# In what language and tools are demos and cr@cker tools made?



## Chetan1991 (Oct 23, 2013)

The intro demos and programs (such as trainers) that come with cr@cked games are very small in size. They also seem to be built in assembly and independent of external libraries like MVC or Cygwin. Does anybody knows what tools are available to create such demos and programs?


----------



## krishnandu.sarkar (Oct 23, 2013)

In most cases Core C / C++. But I have seen cracks build on .NET too but very few. Peoples figure out the algorithm used to generate Key's and develop a program same as the product manufacturer which generate keys for sell.

Intro Demos are simple videos which is integrated in the application itself.

Trial versions are programs with limited capabilities which gets decided by the Keys used.

Trainers are part of the program. Or you can say a copy of the same product which is limited to click on highlighted areas as per the tutorial goes on by restricting clicks.

And regarding size, don't think integrating videos and all will raise the size in that way you are thinking, as exe is highly compressed.

One I came across a crack which was about 10MB or something but it extracted the thing to around 700MB. It use Uharc


----------



## Chetan1991 (Oct 24, 2013)

Thanks. I meant the animated demos such as those from demoscene which use procedural programming to create texture etc.
The question remains; which tools? Which compiler and IDE or GUI builder?


----------



## krishnandu.sarkar (Oct 24, 2013)

Chetan1991 said:


> Thanks. I meant the animated demos such as those from demoscene which use procedural programming to create texture etc.



This I don't understand.



> The question remains; which tools? Which compiler and IDE or GUI builder?



GUI Builder? It's complete C++. Low level Windows Programming.

Which IDE / which Compiler I don't know really, but it can be something different.

See, you don't need to look beyond, just look at MNC's in India and they have their own Code generation tools, UI Designer, Framework etc. It's just that they are company proprietary. So they don't work that way we think they do.


----------



## Zangetsu (Oct 24, 2013)

^^I guess OP has question on visualizations patterns created by cracker release groups


----------



## prehistoricgamer (Nov 3, 2013)

Could be openGL or other similar libraries. Not entirely sure.


----------



## anirbandd (Nov 21, 2013)

The GUI, my guess, is that its lowlevel C++/.NET programming...



krishnandu.sarkar said:


> Trainers are part of the program.
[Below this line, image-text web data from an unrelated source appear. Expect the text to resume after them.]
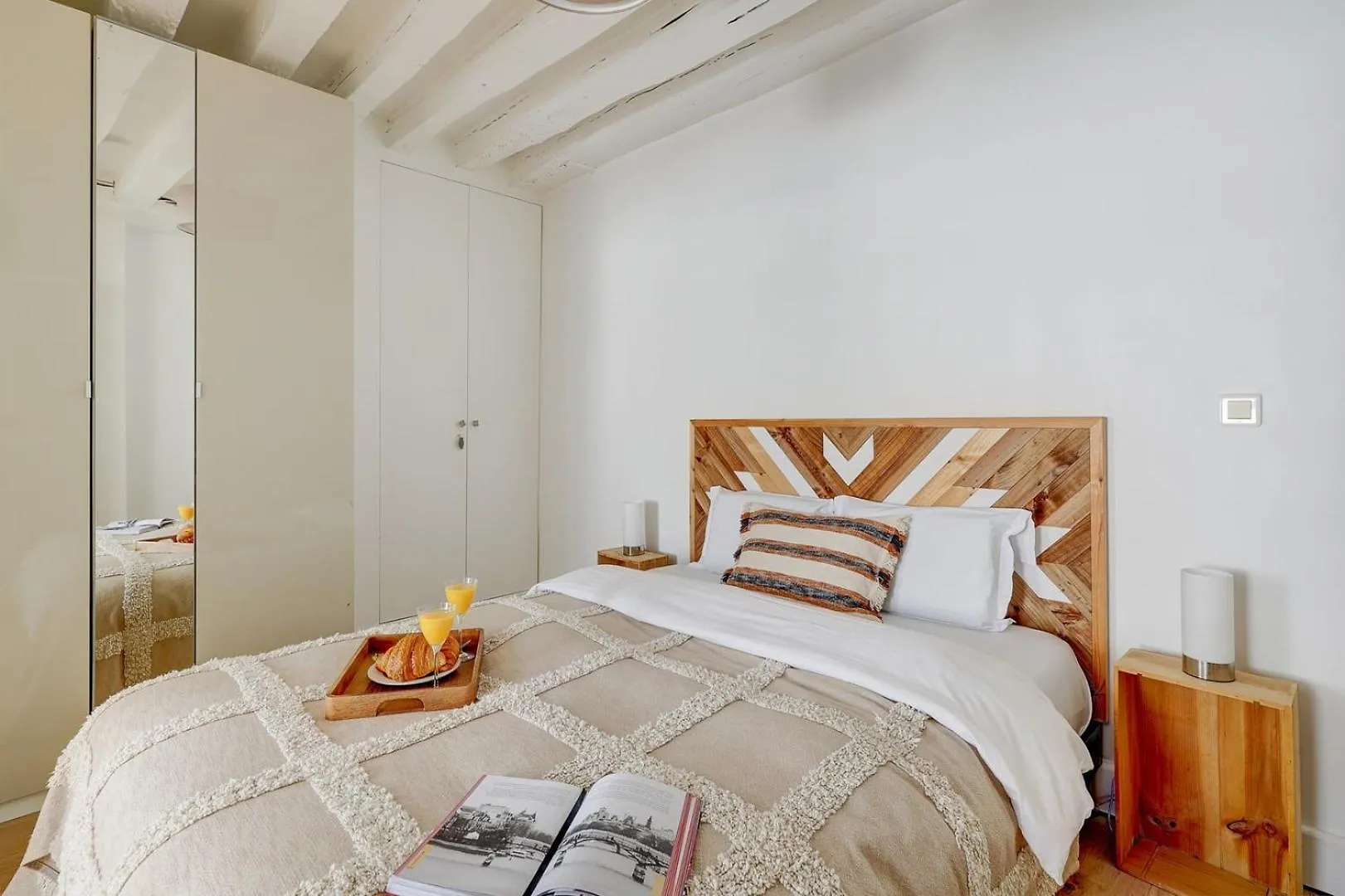 公寓 Bnbnook - Charming 1Br Near Louvre & Palais Royal 巴黎
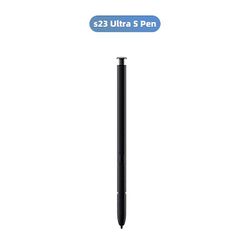 Fonken Stylus -kynä Samsung Galaxy S23 Ultra 5G -matkapuhelimelle S Pen -kynän puhelimen vaihtokomponentti Aktiivinen kapasitiivinen kynä musta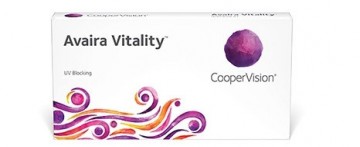 Cooper Vision Avaira Vitality Μυωπίας-Υπερμετρωπίας Μηνιαίοι 6τμχ
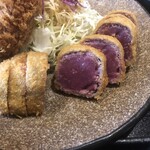 牛かつ いち華 - 牛かつ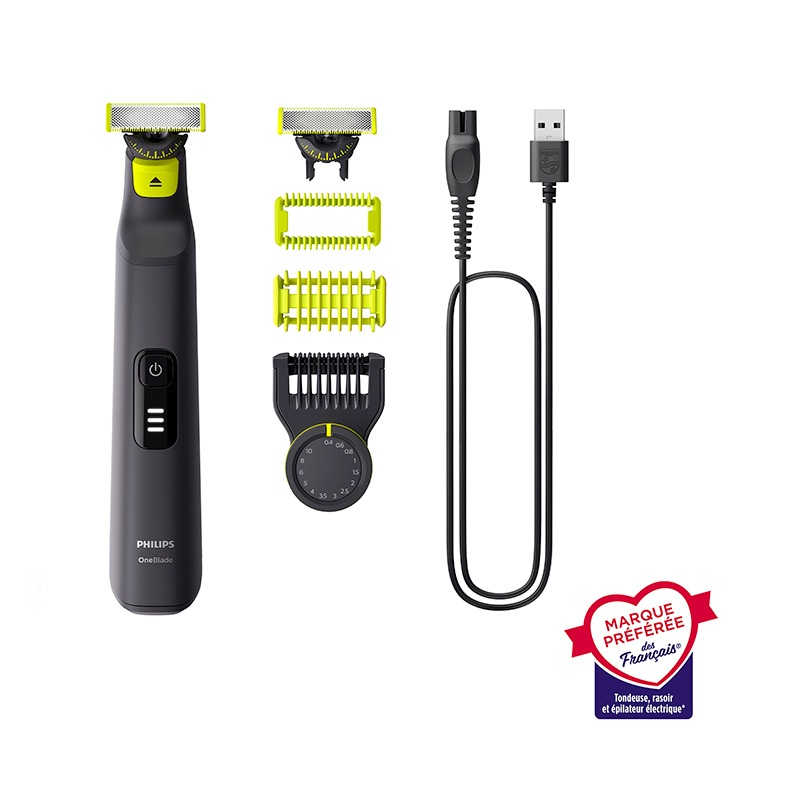 Tondeuse Philips One Blade Visage Et Corps Qp6542/15 Bon état - 49,98 € Tondeuse Philips One Blade Visage Et Corps Qp6542/15 Bon état reconditionné disponible sur Electro Depot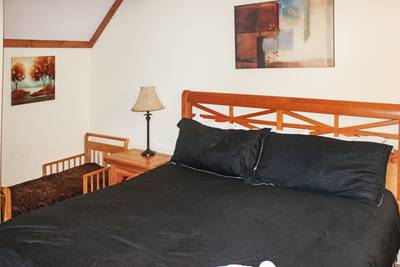 Mountain Side main level bedroom 1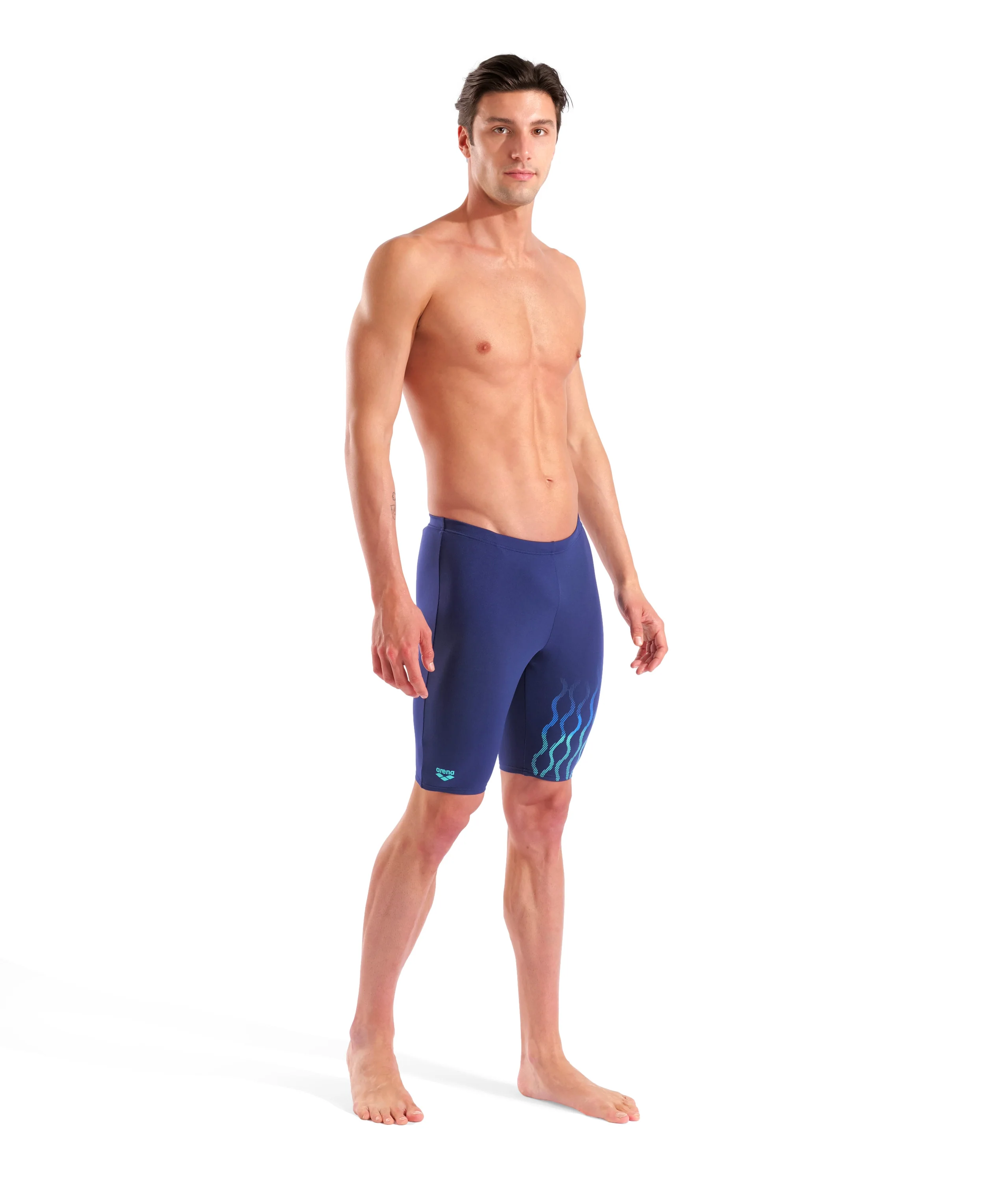 Bañador jammer arena Performance Vibes Swim para hombre - Azul Marino - Image 3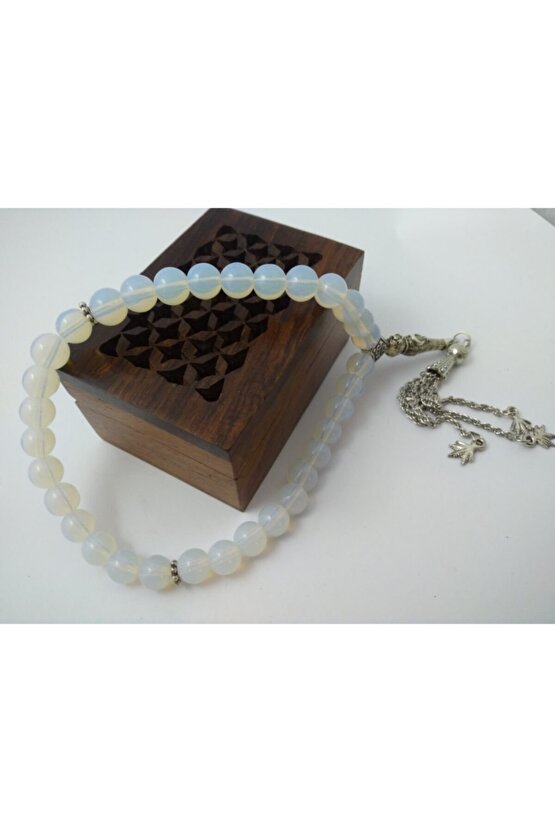 Opal Aytaşı Doğaltaş Tespih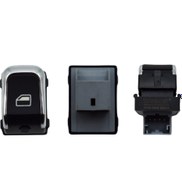 Resim Audi A1 A6 A7 A8 2011 Sonrası Tekli Cam Açma Düğmesi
Or you can say a copy of the same product which is limited to click on highlighted areas as per the tutorial goes on by restricting clicks.
> 
> And regarding size, don't think integrating videos and all will raise the size in that way you are thinking, as exe is highly compressed.
> 
> One I came across a crack which was about 10MB or something but it extracted the thing to around 700MB. It use Uharc



Trainers work by manipulating values on the memory... thus you can have infinite ammo health/sheild etc etc..

and intro videos are not videos in the strict sense.. those are just codes which manipulate the pixels based on the algo. just like a simple 2d game on a script. the more elegant the intro, the more talented the coder..

and that Uharc is crazy a$$ algo...


----------



## a_k_s_h_a_y (Dec 15, 2013)

Demos, I have read that they are made in assembly! 

As far as trainers and bots are concerned, am very certain they are made in C#, C# is popular these days and C++ too. 
And actually in AutoIT also!


----------